Segment Start: Records for this task

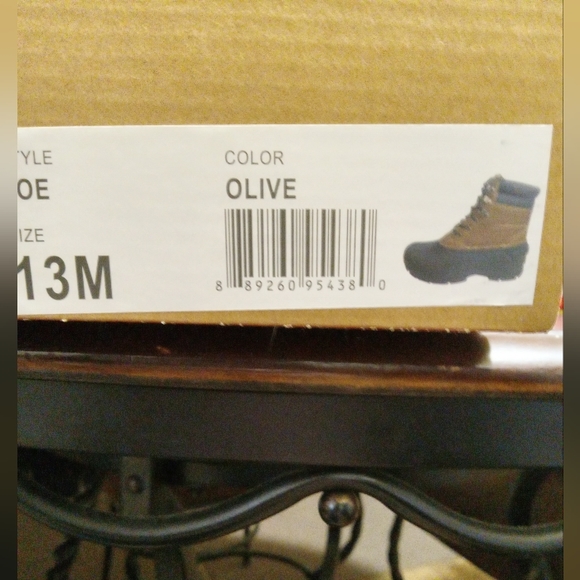 Men's  boots, size 13M - Picture 2 of 3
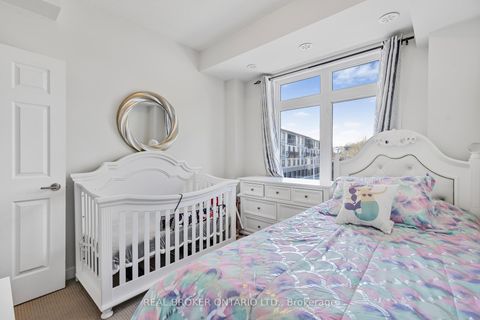 Photo 8 at 21 - 630 Rogers Road, Eglinton West, Toronto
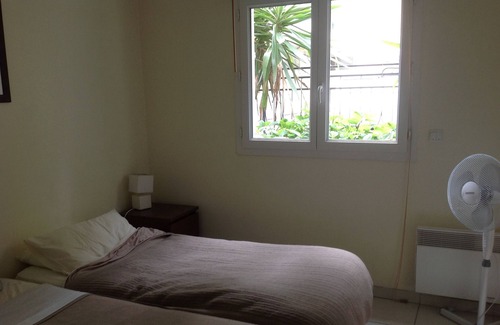 Riou - Petit Juas - Av de Grasse Apartamento | Piscina y jardín compartidos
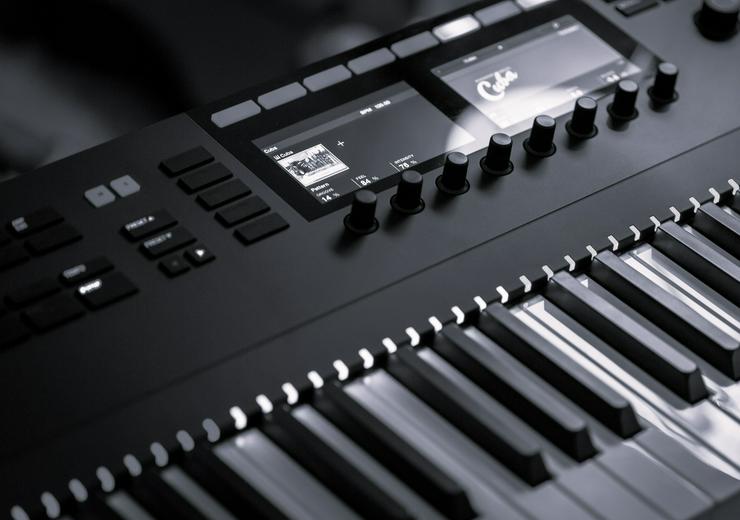 Keyboard Yamaha PSR SX 700 plus Instrumenten Kabel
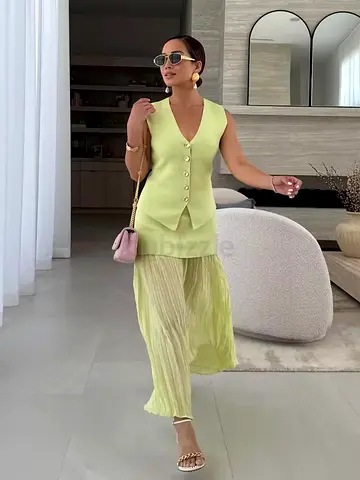 Zara Bloggers Favourite Knit Waistcoat  Skirt Co-ord Set in Apple Green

Segment End: Records for this task

Keep the pictures out and transcribe the entries exactly.

 Men's  boots, size 13M - Picture 2 of 3
 Photo 8 at 21 - 630 Rogers Road, Eglinton West, Toronto
 Riou - Petit Juas - Av de Grasse Apartamento | Piscina y jardín compartidos
 Keyboard Yamaha PSR SX 700 plus Instrumenten Kabel
 Zara Bloggers Favourite Knit Waistcoat  Skirt Co-ord Set in Apple Green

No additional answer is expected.